For inspiration, Zhen and her librettist Lily Thomson visited Sydney’s Botanic Gardens. “Watching the children play, we agreed on the genre of a fairy tale, because anything can happen in a fairy tale. Also, there is a dark side to fairy tales, which made it the perfect medium for expressing this story.”
In Zhen’s opera, motherhood is entwined with the idea of snakes. Her great-grandfather in China was a healer of snake bites, chanting and drawing poison from the bite.
“The snake represents the mother’s dark wishes,” Zhen elaborates. “She has a chaotic struggle expressing her emotions. What makes the opera is that music helps to close that detachment between the mother’s vulnerability and the words that she cannot express. It is a wonderful way of combining non-verbal expression with singing, which is so powerful.”

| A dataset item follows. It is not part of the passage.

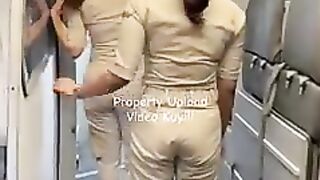 Pramugari Super Air Jet Menutup Pintu Pesawat.mp4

The design team is creating the snakes with plastic skins, which rustle when they move. “I’m quite excited by this,” says Zhen. “It’s very tactile and you can touch the violence in the environment.”
The Lullaby is for everyone, says Zhen. “We have been thinking about ‘mother’ as loving and caring, but there are two sides to this. Our opera starts off with the mother in a very shadowy place, singing sadly. It is a source of anguish to [her] that there is something she is unable or unwilling to confront. We also liked the themes of repression of guilt and unacknowledged desires, which are central to our exploration of the complexities of motherhood.”
A Future for Opera?
The composers are unanimous that working with Hume – a first for all of them – has been an exceptional learning and creative process. In the hive of the opera workshop to which Hume brings abundant experience, the composers report that she questions, challenges, detects plot holes and provides ideas on structure and framework. Zhen is especially inspired and pays Hume the ultimate compliment when she says, “She is someone I want to be one day. She did some magical things in our workshop, like physical movements that immediately changed the way the singers sang. From her, I learned a lot about physicality, which can make such a huge difference to the music.”
Draguns says that Hume encouraged her to think more about her ideas and decisions surrounding the characters, creating more purpose in the drama. For O’Donoghue, Hume has been critical to how these operas have evolved, ensuring that the end product succeeds as a fully staged show.
The desire for change in opera is quickening. In August, composer Sally Whitwell won the 2024 Art Music Award for Work of the Year: Dramatic for Margaret and the Grey Mare, a “meta-opera” highlighting “colonialist racism and unquestioned misogyny in the canonical repertoire”.
In 2024, Opera Australia has presented five contemporary operas: Brett Dean’s Hamlet, Missy Mazzoli’s Breaking the Waves, Jonathan Mills’ Eucalyptus, Jack Symonds’ Gilgamesh and Joseph Twist’s Watershed – all living composers.
Draguns is confident about the future of opera. “Opera’s not going to die. It’s going to keep moving with new music created,” she says. “There is a misconception that contemporary composers write whacky, unapproachable material, but I think Mother will show four different ways that opera can be produced. And, regardless of style, it shows that opera is evolving and that it does have a future.”
Mother plays at the Parade Theatre, NIDA, Sydney, 28 October – 2 November.